Theory and Methods

Model Predictive Control

Model Predictive Control (MPC) is a modern feedback law that computes control actions by solving an optimal control problem in real-time and is capable of optimizing system performance and enforcing constraints.

I’m interested in a wide variety topics within MPC, including studying the stability and robustness of MPC in systems with non-cooperative components, designing supervisory modules that make MPC controller more reliable, and investigating the robustness of MPC implemented on embedded systems with limited computing power or distributed systems with limited communication capabilities.

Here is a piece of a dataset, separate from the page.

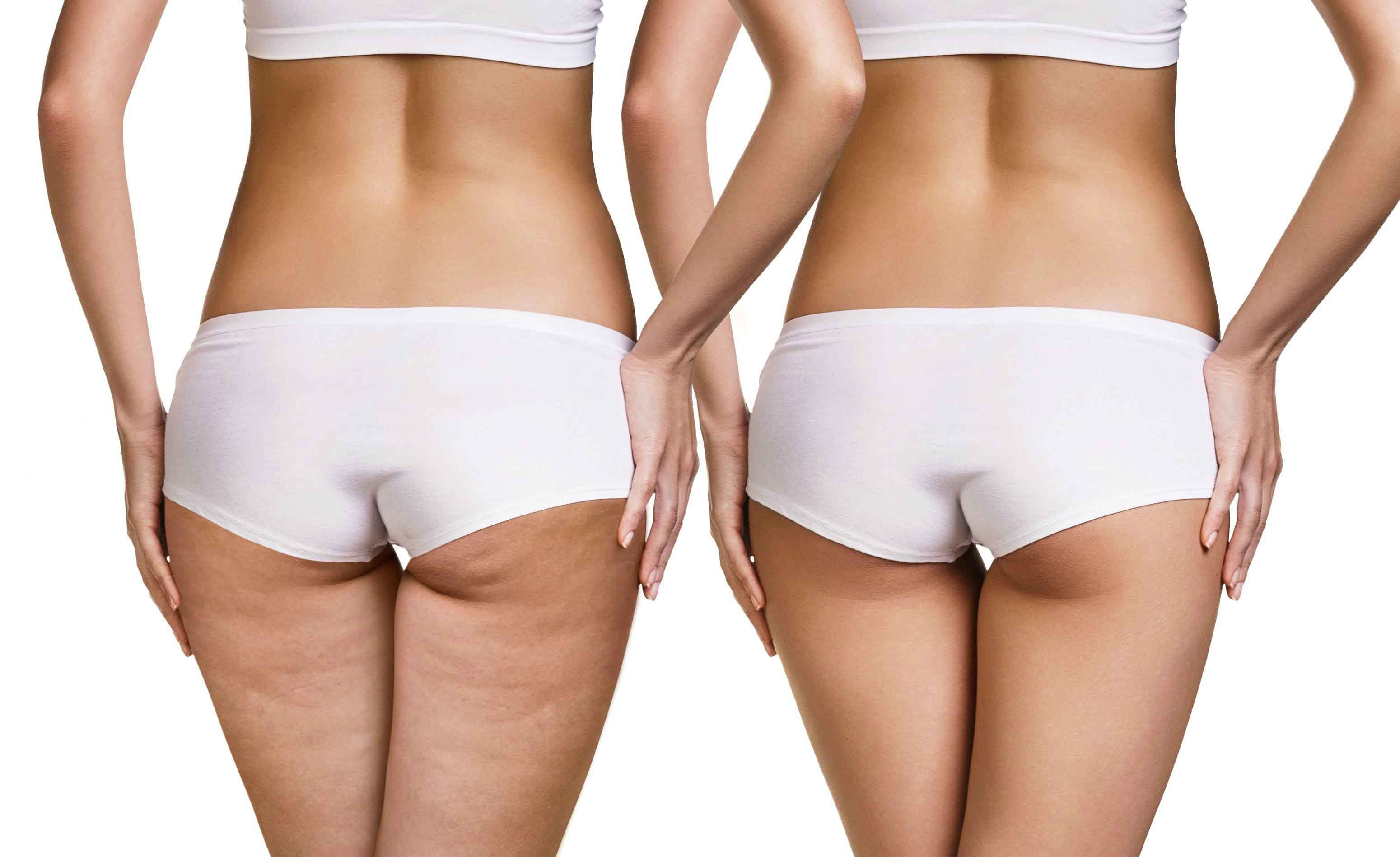 Combattere la cellulite si può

Algorithmic Systems Theory

Many iterative algorithms in optimization, games, and learning can be viewed as dynamical systems with inputs (measurements, historical data, user feedback), internal states (decision variables, state estimates, Lagrange multipliers), outputs (residuals, actuator commands), and uncertainties (noise, unknown parameters). This perspective is crucial for tackling some of the challenges arising when analyzing and synthesizing the algorithms that underlie modern autonomous, AI-driven, and socio-technical systems.

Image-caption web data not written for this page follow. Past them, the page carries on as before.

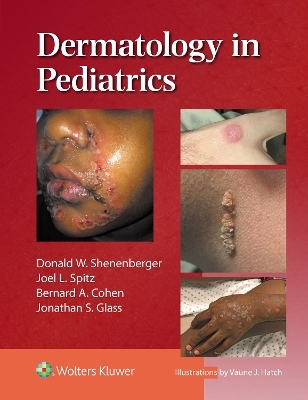 Dermatology in Pediatrics - Donald William Shenenberger, Joel L. Spitz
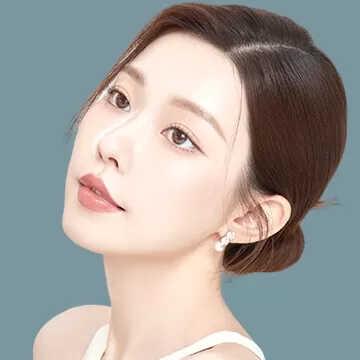 Nâng mũi S Line + Hạ xương bè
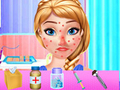 Xogo Anna Spring Allergy Treatment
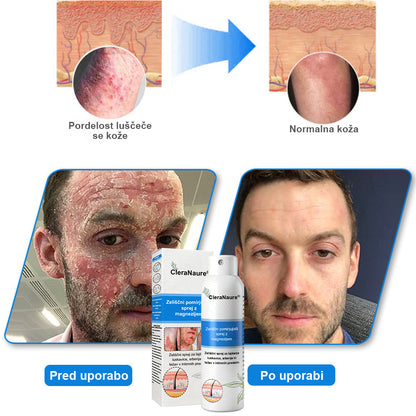 CleraNature® Magnezijev Sprej – Hitro Olajšanje za Srbečo, Rdečo in Občutljivo Kožo (tudi na intimnih predelih)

I’m interested in developing new theoretical tools that synergistically build on control, optimization, game, and learning theory as well as novel algorithms and computational techniques that are specialized for noisy, time-varying, and dynamic environments.

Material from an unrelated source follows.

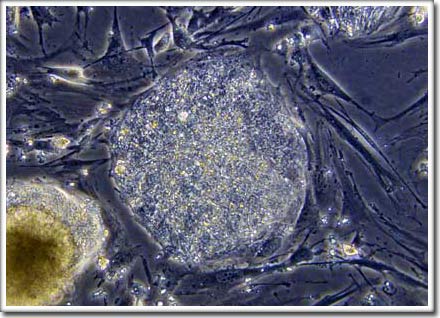 One more step towards stem cells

Real-time Optimization Algorithms

Real-time optimization algorithms are essential tools for endowing autonomous systems with complex goal oriented and self-optimizing behaviours. However, deploying optimization algorithms in safety-critical systems with limited computational and/or communication capabilities remains a challenge and the reliability and resilience of real-time optimization algorithms are significant hurdles to broader deployment.

I’m interested in developing optimization algorithms that are suited for deployment on embedded computers as well as distributed algorithms for multi-agent systems with limited communication capabilities.